‘chained Women’ May Be Freed by Religious Divorce Standards

`Chained women’ may be freed by religious divorce standards In what some say is a historic breakthrough for Orthodox women unable to divorce, several prominent Orthodox rabbis have endorsed standards for rabbinic courts.

The standards would require that a get, or Jewish divorce, be the first step in divorce proceedings. The recommendations are expected to make it easier for Orthodox women to navigate what many say is a labyrinthine system that favors men.

The standards are endorsed by the Orthodox Union and the Rabbinical Council of America, organizations that represent centrist Orthodox congregants and rabbis. They also have the endorsement of more than 10 prominent rabbis who serve on or represent rabbinic courts in the United States.

Jews who live according to halachah, or Jewish law, require a get to dissolve their marriages. Only a man can give a get, and some withhold them to extort financial or custody settlements from their wives.

Women denied gets are forbidden from remarrying or even dating, and are called agunot, which means “chained women.” Some are trying to escape abusive relationships.

The new standards, particularly the assurance that a get be provided before other divorce arrangements are made, will “clear up a very large percentage of the agunah problem,” said Mattie Klein, director of L’Maan B’nos Yisrael International, a Brooklyn organization for agunot.

Klein’s organization worked closely with the rabbis who drafted the standards. It is not clear how many women in the United States are agunot, or who settle for unfavorable divorce agreements in order to extract a get, but some estimate the number is in the thousands.

While there are a number of established rabbinic courts in the United States, Jewish law says that any three Orthodox rabbis can convene a rabbinic court. Because these courts are not subject to oversight, many people have complained they are corrupt or favor husbands.

Before the standards, each court could “charge whatever they want, do whatever they want and there was no formal procedure of any kind, no recourse,” Klein said.

“Now we’re saying if you belong to the RCA or O.U. movement, we expect you to send your congregants to a Beis Din that abides by these standards,” Klein said, using the Ashkenazi pronunciation of the Hebrew term for a rabbinical court.

“If they’re not willing, we advise her to call us and we will give her information as to how to proceed,” she continued.

Rabbi Steven Dworken, executive vice president of the RCA, said the standards should help make the rabbinic courts “user-friendly and appropriate.”

The standards will “eliminate some of the alleged abuses,” Dworken said.

Other advocates for agunot are applauding the standards, although they say more must be done.

Susan Aranoff, a director at the Brooklyn-based Agunah Inc., said, “A Beit Din that adhered to those guidelines would be significant progress.”

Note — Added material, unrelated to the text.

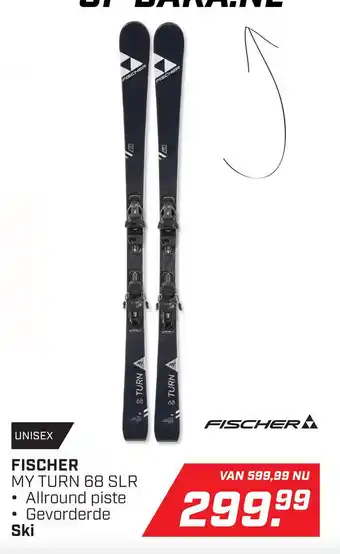 Daka Sport FISCHER MY TURN 68 SLR Allround piste Gevorderde Ski aanbieding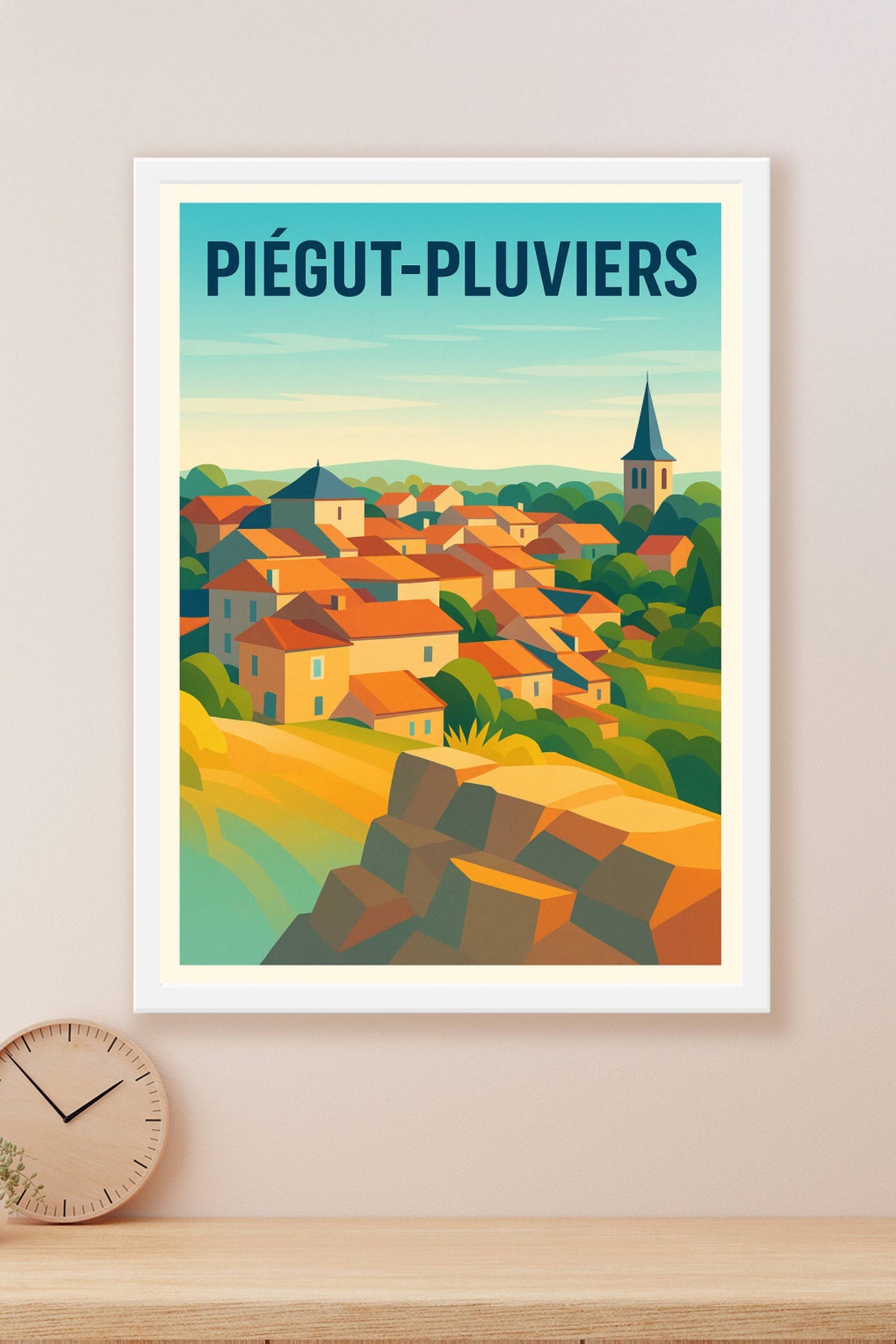 Affiche de Piégut-Pluviers - Charme et Sérénité en Dordogne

However, Aranoff said, still unclear is whether anyone will enforce the standards and whether the courts will require that all divorce proceedings occur in rabbinical court rather than civil court. Women generally receive more favorable settlements in civil courts, Aranoff said.

The standards also will not solve the “most hard-core agunah cases,” Aranoff said, noting that some recalcitrant husbands may refuse to go to a Beit Din that abides by the standards.

“I think ultimately the rabbis are going to have to recognize that when men are scoundrels and abusers, they’re going to have to have the courage to free women without a get,” she said.

Rivka Haut, of the Brooklyn-based Get Organization, called the standards a “wonderful step forward.”

“It’s not a solution to the agunah problem, but it will help a lot,” Haut said.

“This is the first attempt at some sort of monitoring from the system itself. It’s not community monitoring, which I think would be better, but at least it’s rabbinic standard setting, and that’s been sorely lacking,” Haut said.

Haut would like to see community boards consisting of men and women that could hear appeals from rabbinic courts because in the current system “there’s no female voice being heard.”